Even with rewind, you still need database versioning to maintain the integrity of individual records. The rewind process in general does not help with this.



Mark Stang wrote:

Which is wrong in so many ways...

We are doing this backwards!  The session is what must be considered current 
not the request.  If I store state in request and then delete something in 
another request, when the first request returns data is missing, bad things 
happen!

Ignore the request if it doesn't match the current state of the session.  Rewind does a 
very nice job.  The very first time it finds something out of sync, it tosses you out and 
quits trying to do the rewind.  I need to make it more robust so that I can detect the 
rewind at the beginning before bad things happen.  I suspect there is a way to fool it by 
using the same screen and changing it so it "matches" the rewind, but screws up 
the data.  Right now my screens are so different that the rewind bails on finding 
mis-matched fields, which is a good thing.

Detect that the user has done something wrong, warn them and move on!

I think Howard should put in a "token" that changes with every screen randomly 
and if it doesn't match what is happening, then throw them out!!!

This is a common technique with databases.  When you save data, put in a 
timestamp.  When it comes time to update the same data, if the timestamp 
doesn't match, then they don't have the current data, throw them out!  Now 
databases have a nicer interface, they can override the timestamp and force it 
to save it anyway.  Of course, other rows and your entire data model might get 
out of sync if they did that!  What we have here is last one in wins, all 
others are rejected!  Tapestry has a good start on that process.

regards,

Mark


-----Original Message----- From: Howard Lewis Ship [mailto:[EMAIL PROTECTED] Sent: Fri 5/6/2005 12:55 PM To: Tapestry users; Michael Musson Subject: Re: As a User, which two items would you personally most like to see in the next Tapestry Release?

Yes, and persistent properties on the client help ensure that the appllication state stays associated with the request not the session.

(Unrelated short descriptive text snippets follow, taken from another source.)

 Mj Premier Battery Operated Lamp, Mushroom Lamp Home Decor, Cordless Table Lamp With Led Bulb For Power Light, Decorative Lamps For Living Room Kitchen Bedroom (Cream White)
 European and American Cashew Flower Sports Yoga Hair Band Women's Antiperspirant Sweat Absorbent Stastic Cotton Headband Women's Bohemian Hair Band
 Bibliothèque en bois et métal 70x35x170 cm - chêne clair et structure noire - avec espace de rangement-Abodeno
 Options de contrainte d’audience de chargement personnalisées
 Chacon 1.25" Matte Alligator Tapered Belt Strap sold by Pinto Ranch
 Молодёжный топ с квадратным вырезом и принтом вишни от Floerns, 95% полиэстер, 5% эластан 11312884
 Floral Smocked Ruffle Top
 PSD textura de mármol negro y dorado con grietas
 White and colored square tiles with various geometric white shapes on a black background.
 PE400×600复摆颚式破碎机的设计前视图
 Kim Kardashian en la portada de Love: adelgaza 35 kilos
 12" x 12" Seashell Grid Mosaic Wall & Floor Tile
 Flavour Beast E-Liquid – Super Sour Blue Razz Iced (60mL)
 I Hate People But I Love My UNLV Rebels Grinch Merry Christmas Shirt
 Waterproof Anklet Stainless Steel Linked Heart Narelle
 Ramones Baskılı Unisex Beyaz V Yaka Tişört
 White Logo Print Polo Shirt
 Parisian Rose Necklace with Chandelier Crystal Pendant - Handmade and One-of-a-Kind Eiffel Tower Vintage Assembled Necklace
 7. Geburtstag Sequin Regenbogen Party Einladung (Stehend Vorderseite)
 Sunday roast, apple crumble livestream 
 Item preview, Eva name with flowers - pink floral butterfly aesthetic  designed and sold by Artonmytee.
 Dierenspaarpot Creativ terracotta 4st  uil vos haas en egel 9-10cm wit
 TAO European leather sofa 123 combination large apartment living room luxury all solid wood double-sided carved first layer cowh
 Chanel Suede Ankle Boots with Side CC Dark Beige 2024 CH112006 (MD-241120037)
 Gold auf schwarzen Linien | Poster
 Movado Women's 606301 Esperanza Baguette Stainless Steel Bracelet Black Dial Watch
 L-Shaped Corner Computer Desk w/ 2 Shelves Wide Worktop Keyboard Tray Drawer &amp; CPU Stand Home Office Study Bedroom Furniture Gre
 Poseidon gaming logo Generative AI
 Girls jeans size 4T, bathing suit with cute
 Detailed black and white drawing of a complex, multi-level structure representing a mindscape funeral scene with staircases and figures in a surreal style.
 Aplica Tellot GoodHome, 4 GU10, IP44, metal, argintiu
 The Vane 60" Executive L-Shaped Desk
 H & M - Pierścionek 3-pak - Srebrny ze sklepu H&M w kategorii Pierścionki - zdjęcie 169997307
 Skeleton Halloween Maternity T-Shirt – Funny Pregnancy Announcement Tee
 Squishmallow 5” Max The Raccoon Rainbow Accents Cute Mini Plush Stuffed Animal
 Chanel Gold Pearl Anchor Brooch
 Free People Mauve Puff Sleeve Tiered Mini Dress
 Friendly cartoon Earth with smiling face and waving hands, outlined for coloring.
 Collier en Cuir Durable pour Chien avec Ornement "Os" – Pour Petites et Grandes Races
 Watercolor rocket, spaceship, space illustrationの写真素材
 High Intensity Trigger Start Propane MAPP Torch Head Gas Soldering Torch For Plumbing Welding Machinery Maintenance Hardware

On 5/6/05, Michael Musson <[EMAIL PROTECTED]> wrote:


One example like what I think Patrick is saying is the evil browser
back button. One benefit of pushing persistence to the form like .NET
is that the "context" stays in sync with the browser (ie. I go back to
a previous version of the page (now stale) but the embeded context is
also stale (consistent with the page).

On May 6, 2005, at 1:30 PM, Patrick Casey wrote:


Just curious: can you come up with a case when you will get a stale
link
problem if you use If and For instead of Foreach, etc?